*** Begin section ***

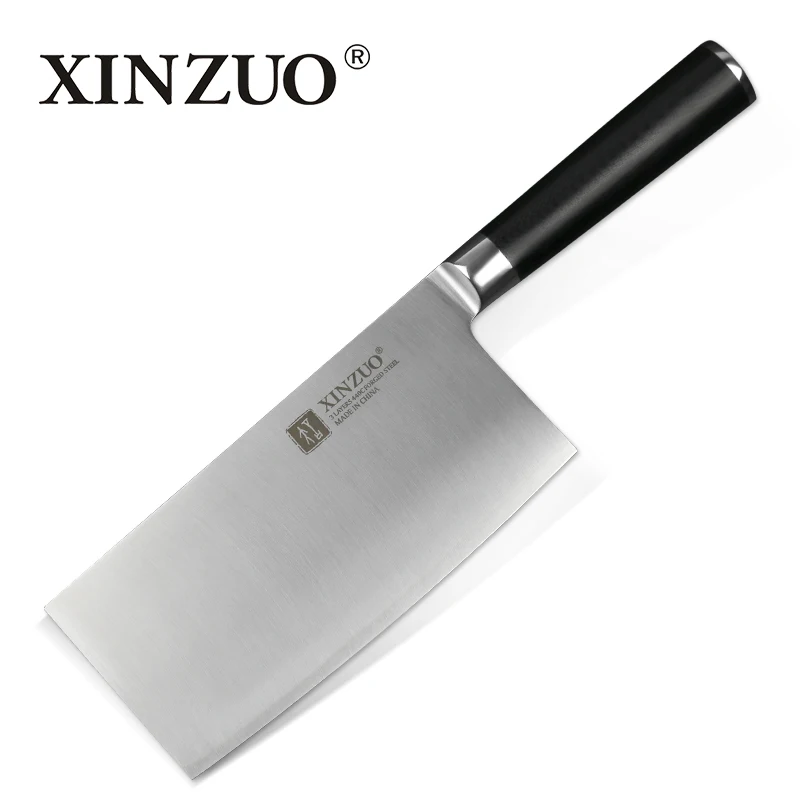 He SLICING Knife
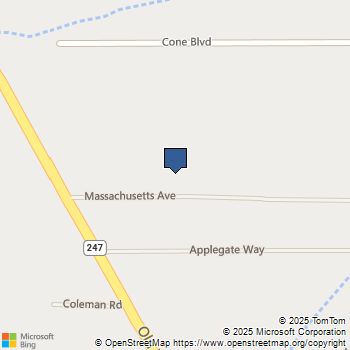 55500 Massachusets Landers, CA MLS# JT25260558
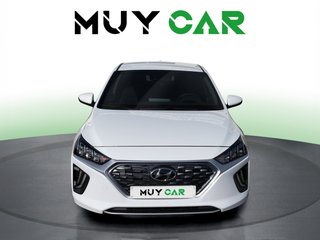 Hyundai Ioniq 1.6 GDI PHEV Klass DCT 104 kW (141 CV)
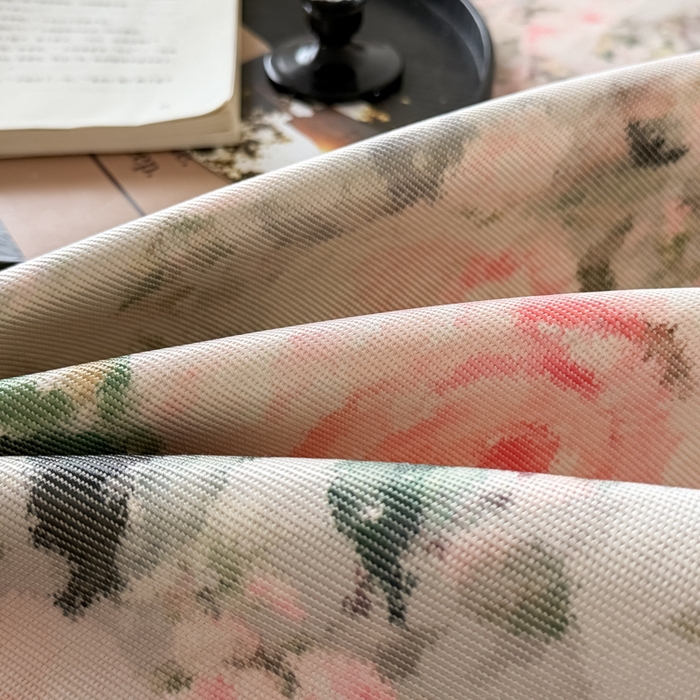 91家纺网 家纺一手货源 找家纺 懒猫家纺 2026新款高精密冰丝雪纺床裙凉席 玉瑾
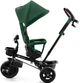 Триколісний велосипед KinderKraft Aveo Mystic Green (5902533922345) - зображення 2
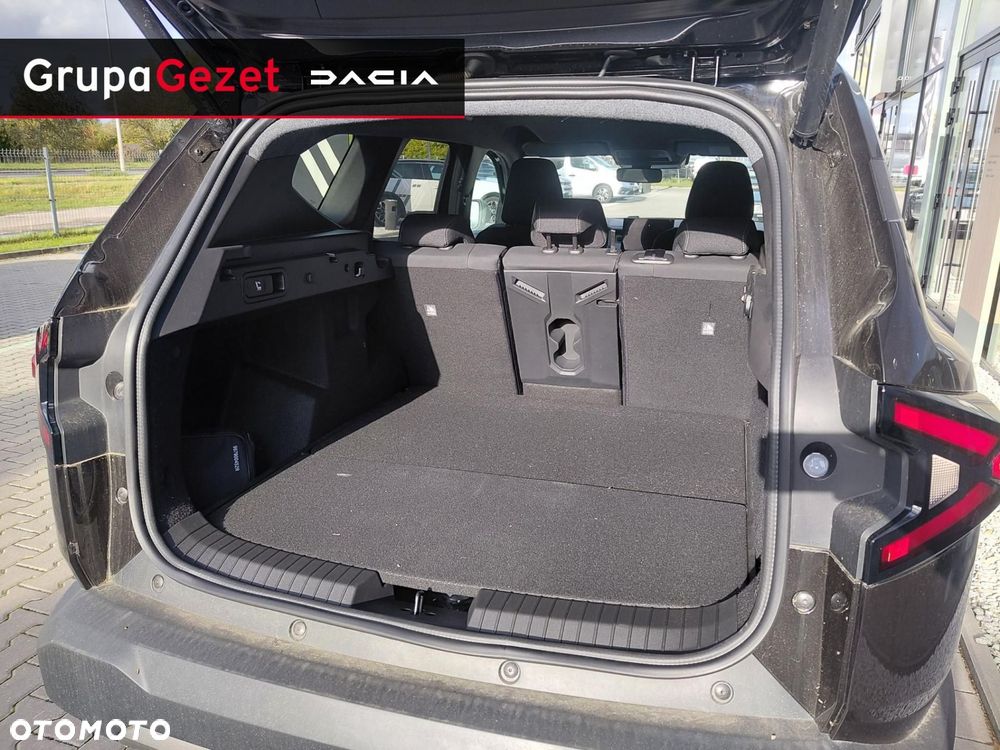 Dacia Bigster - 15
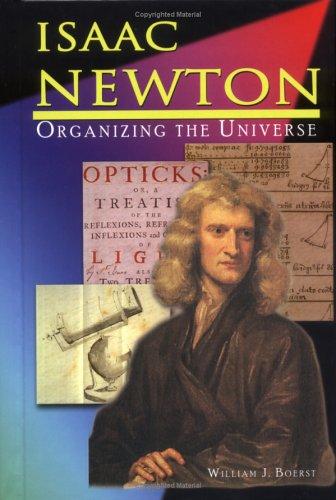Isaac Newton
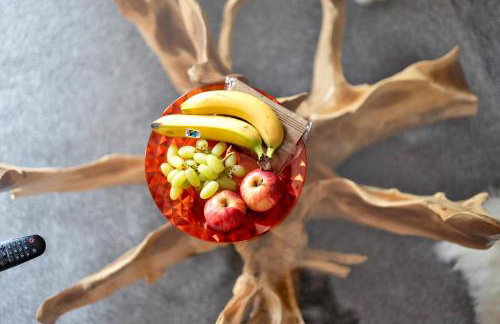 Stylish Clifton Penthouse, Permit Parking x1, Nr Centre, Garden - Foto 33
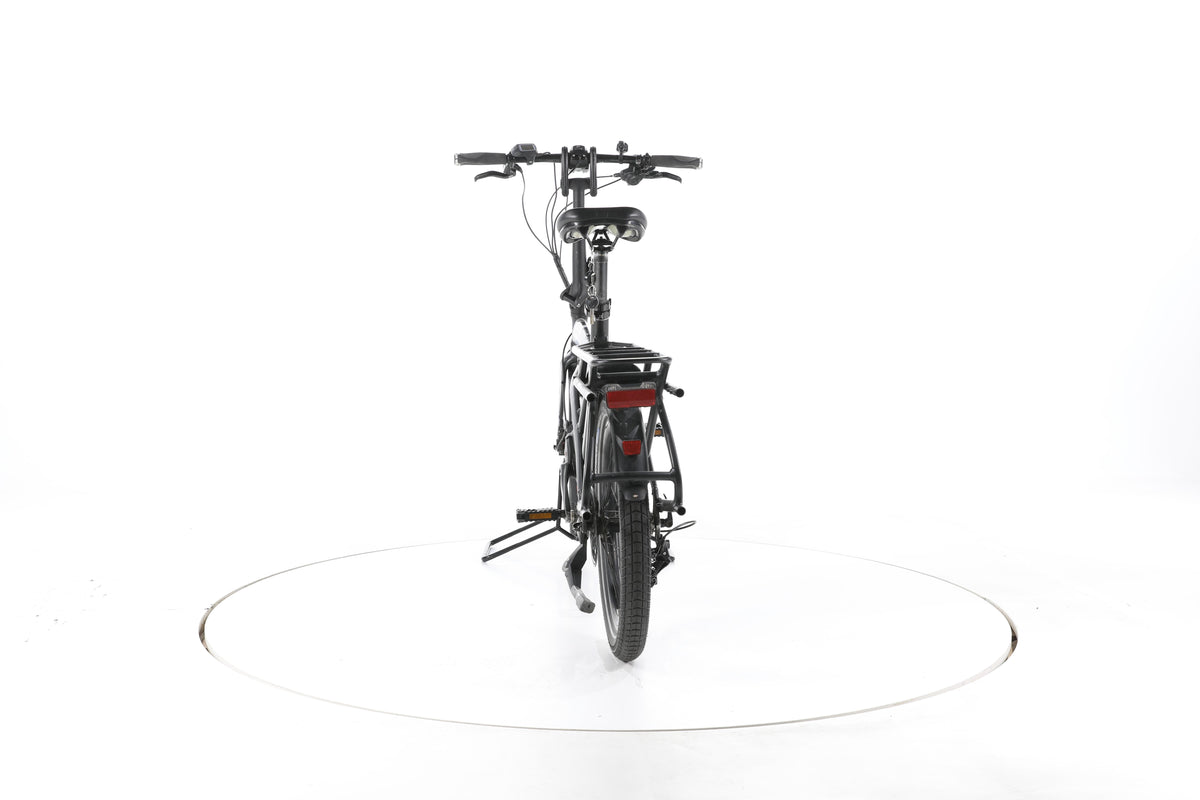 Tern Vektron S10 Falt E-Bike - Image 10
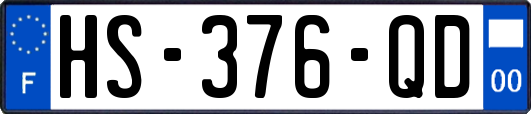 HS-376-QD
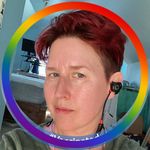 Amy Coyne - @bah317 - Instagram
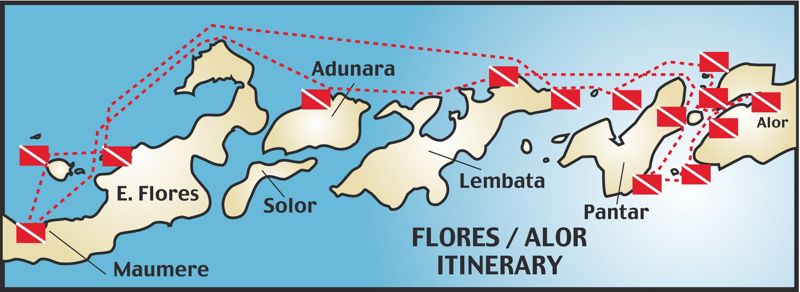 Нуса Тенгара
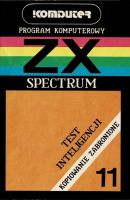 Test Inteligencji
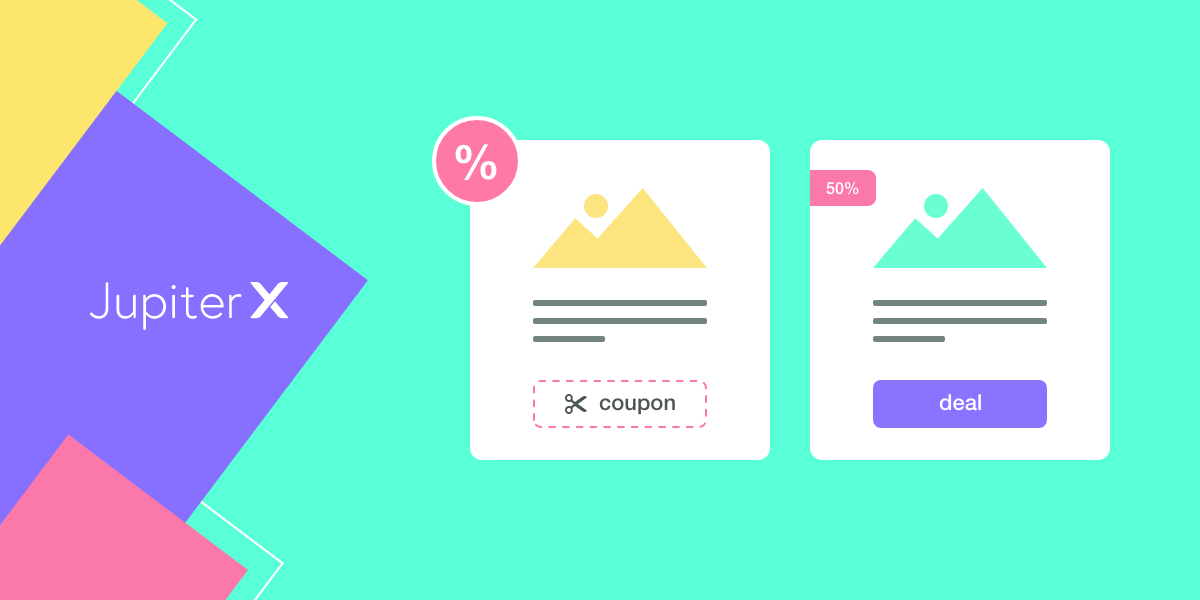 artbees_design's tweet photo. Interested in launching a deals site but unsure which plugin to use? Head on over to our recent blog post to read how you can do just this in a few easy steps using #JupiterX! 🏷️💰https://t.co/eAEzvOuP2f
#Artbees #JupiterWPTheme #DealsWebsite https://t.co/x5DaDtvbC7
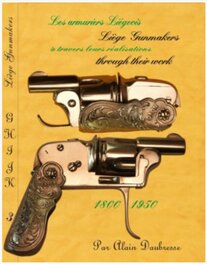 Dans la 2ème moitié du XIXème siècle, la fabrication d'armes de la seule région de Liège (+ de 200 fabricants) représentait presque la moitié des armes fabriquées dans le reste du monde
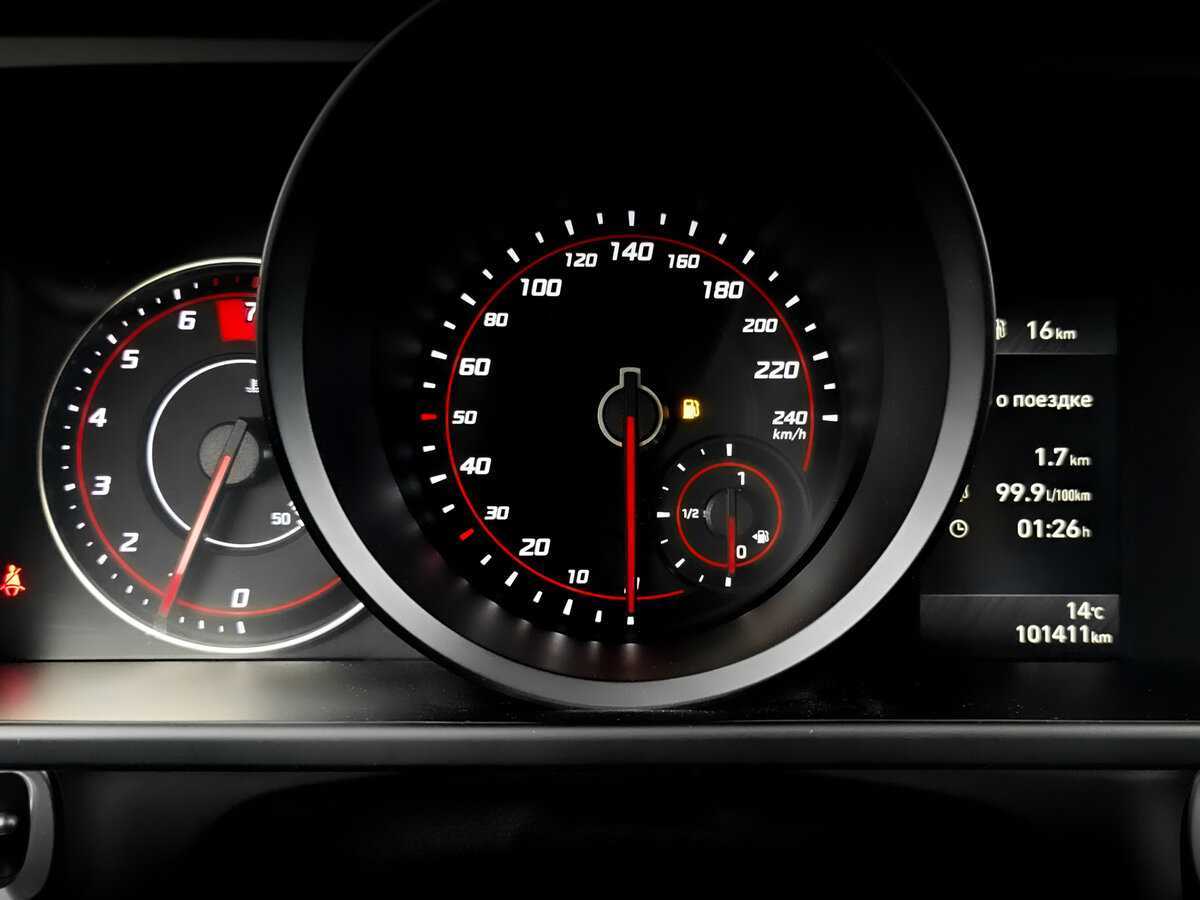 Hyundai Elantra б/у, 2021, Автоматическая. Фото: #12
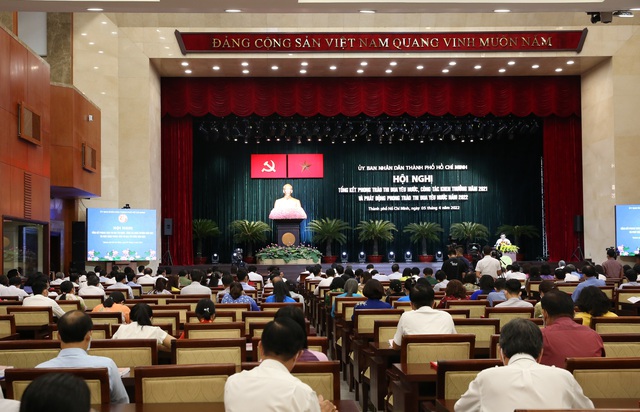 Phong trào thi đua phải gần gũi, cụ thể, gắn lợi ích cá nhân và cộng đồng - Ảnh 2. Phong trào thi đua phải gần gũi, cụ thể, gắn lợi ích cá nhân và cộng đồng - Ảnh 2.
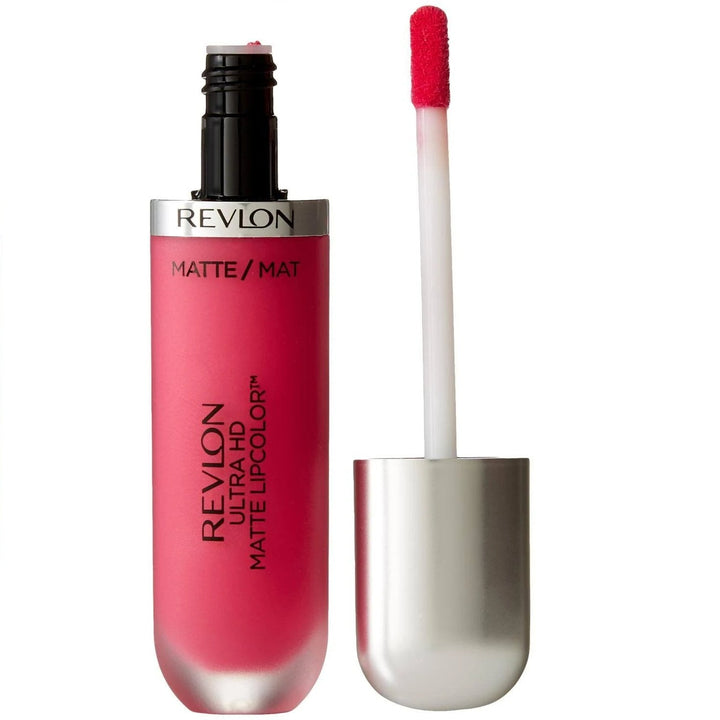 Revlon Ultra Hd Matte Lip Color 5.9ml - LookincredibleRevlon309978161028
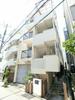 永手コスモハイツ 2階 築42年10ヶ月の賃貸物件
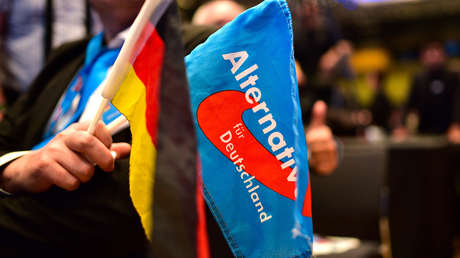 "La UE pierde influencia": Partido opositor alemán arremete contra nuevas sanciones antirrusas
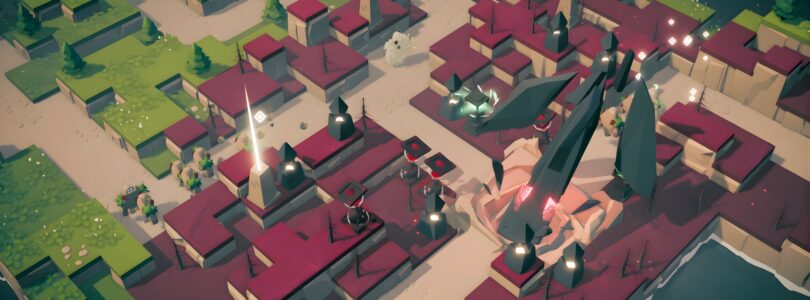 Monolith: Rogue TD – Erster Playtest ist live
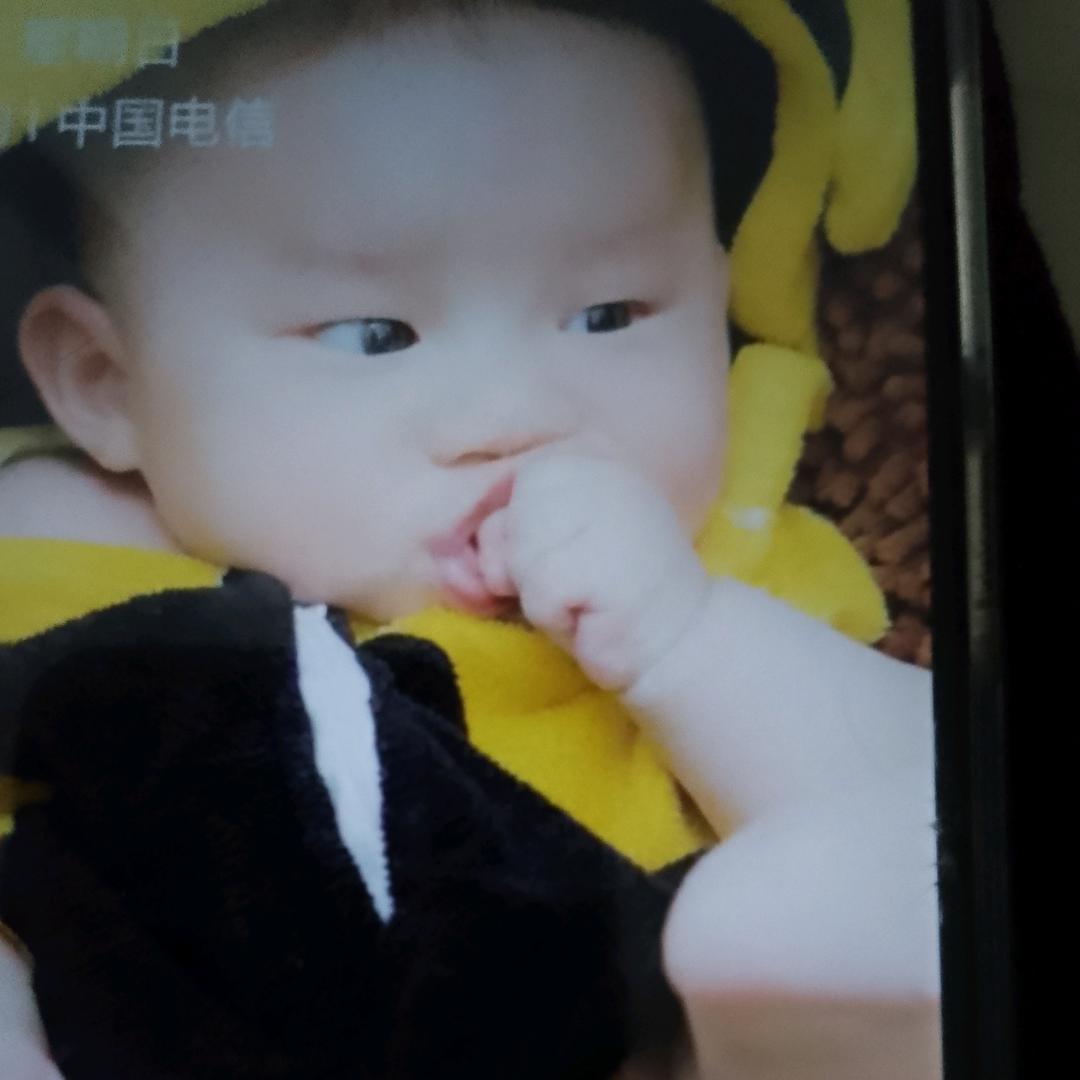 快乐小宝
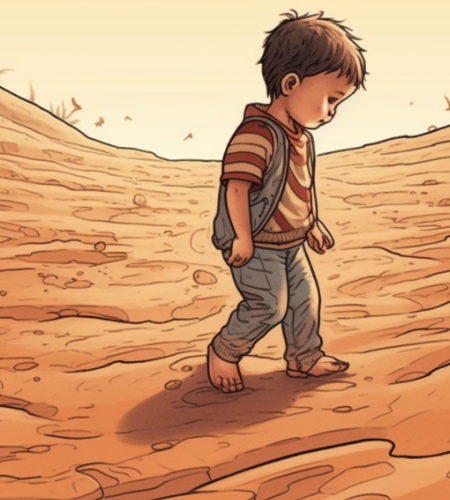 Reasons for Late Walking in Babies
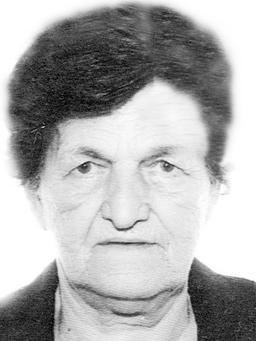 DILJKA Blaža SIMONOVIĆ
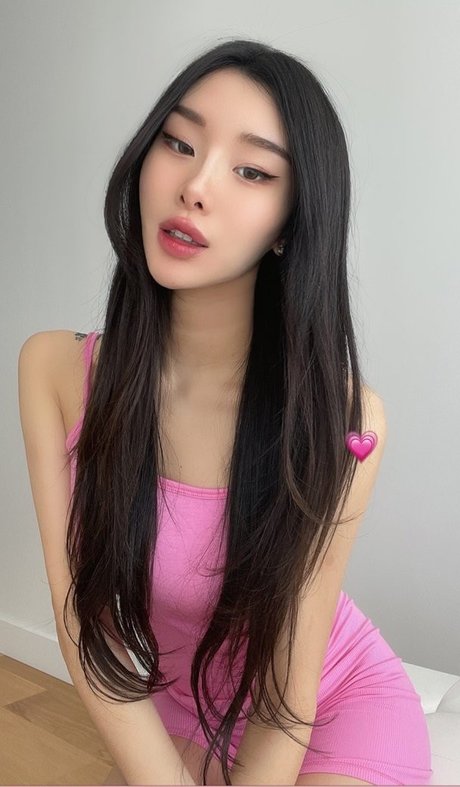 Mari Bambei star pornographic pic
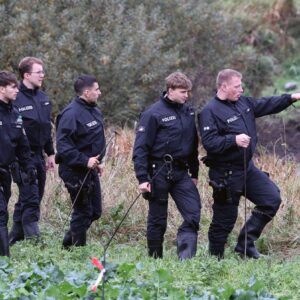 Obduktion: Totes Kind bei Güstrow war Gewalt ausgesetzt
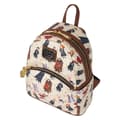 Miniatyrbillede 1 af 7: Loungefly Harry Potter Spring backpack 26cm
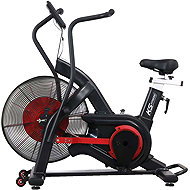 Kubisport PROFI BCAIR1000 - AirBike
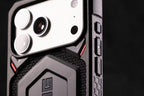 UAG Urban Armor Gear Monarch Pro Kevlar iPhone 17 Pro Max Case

*** End section ***

## What you are asked to do
Above this task is a listing with pictures in it. Retype only the lines from the one containing "Reasons for Late Walking in Babies" through the one containing "Kubisport PROFI BCAIR1000 - AirBike", both included, and not the pictures.

## Answer section
 Reasons for Late Walking in Babies
 DILJKA Blaža SIMONOVIĆ
 Mari Bambei star pornographic pic
 Obduktion: Totes Kind bei Güstrow war Gewalt ausgesetzt
 Miniatyrbillede 1 af 7: Loungefly Harry Potter Spring backpack 26cm
 Kubisport PROFI BCAIR1000 - AirBike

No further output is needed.